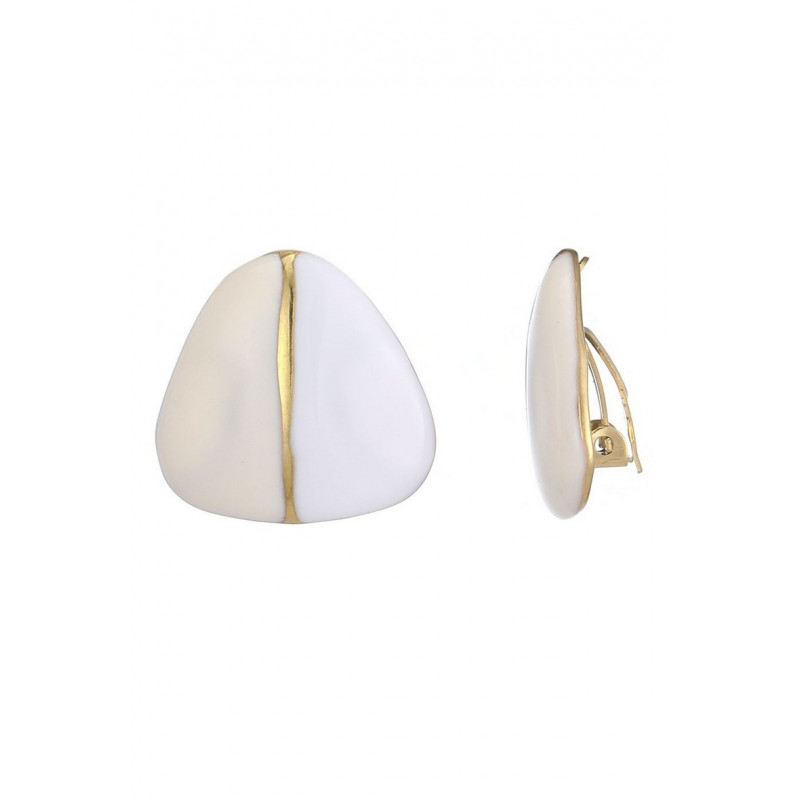 Zelde - Boucle d'oreille clip Blanche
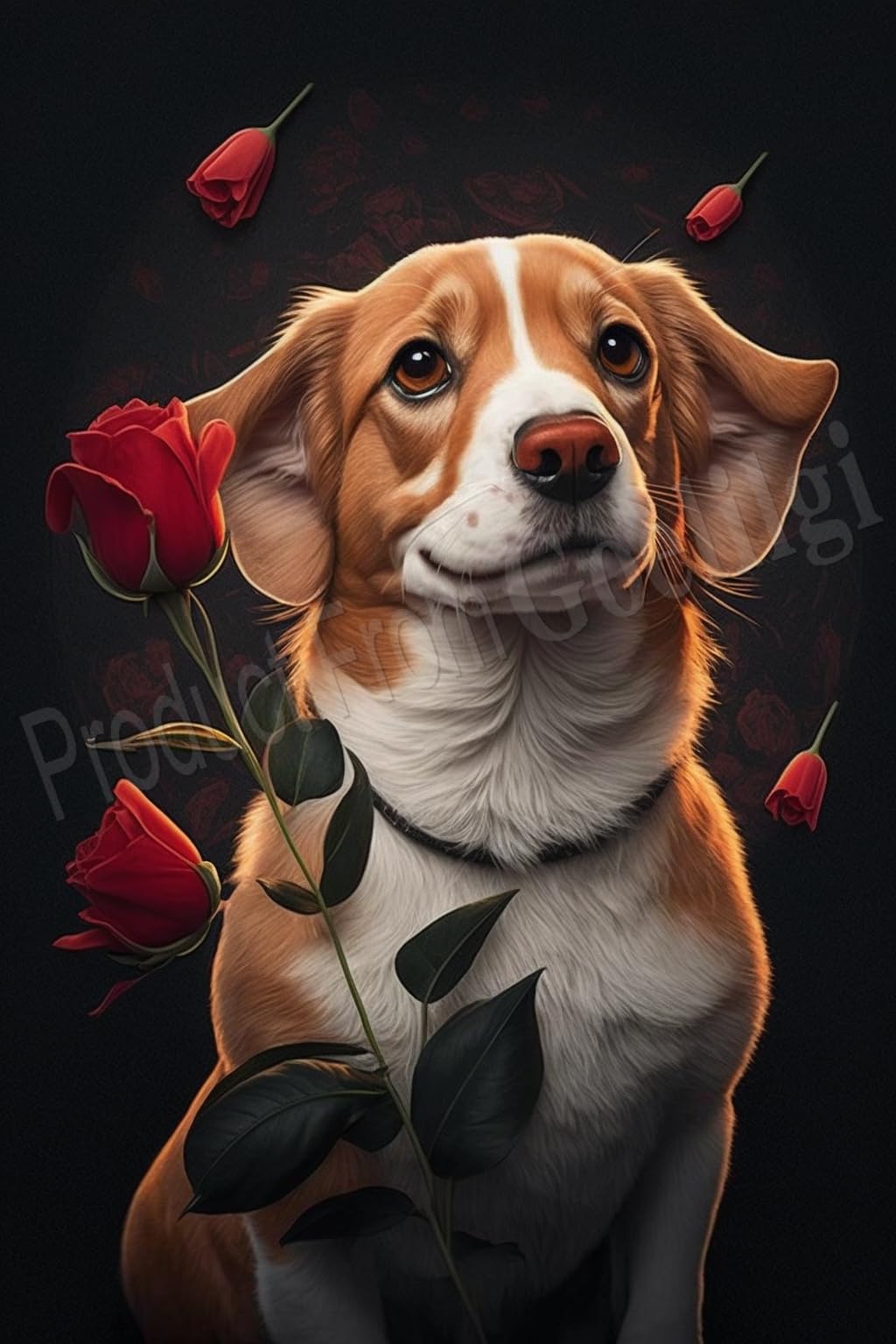 1000-Piece Wooden Jigsaw Puzzle for Adults & Kids - Educational Brain Teaser Game with Cute Dog & Roses Design - Perfect for Family Game Night, Classroom Activities & Stress Relief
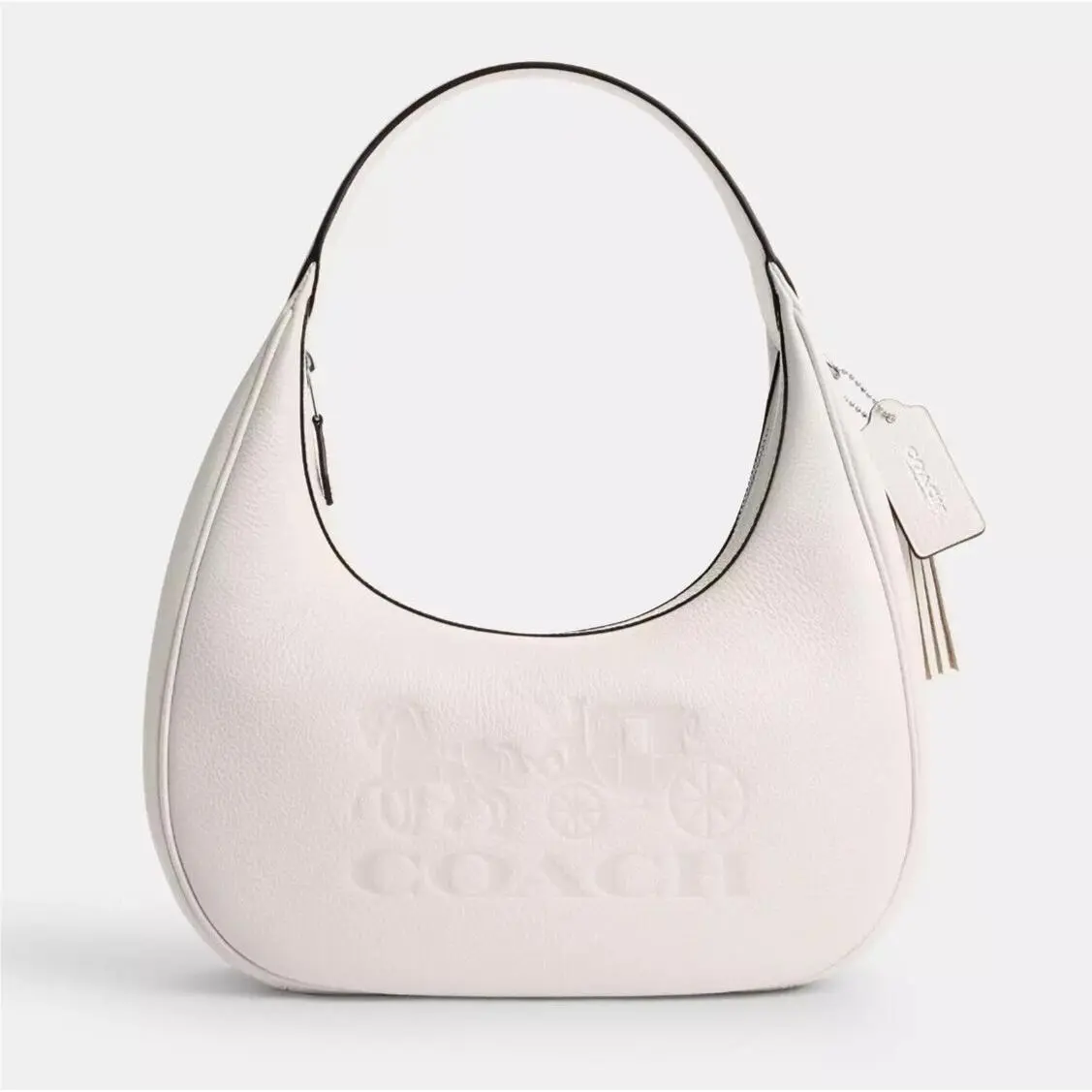 Coach Women`s Silver/chalk Carmen Refined Pebble Leather Shoulder Bag CR151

### ACTIVITY
Output the material above word for word. Leave out its images.

### ANSWER BOX
 Zelde - Boucle d'oreille clip Blanche
 1000-Piece Wooden Jigsaw Puzzle for Adults & Kids - Educational Brain Teaser Game with Cute Dog & Roses Design - Perfect for Family Game Night, Classroom Activities & Stress Relief
 Coach Women`s Silver/chalk Carmen Refined Pebble Leather Shoulder Bag CR151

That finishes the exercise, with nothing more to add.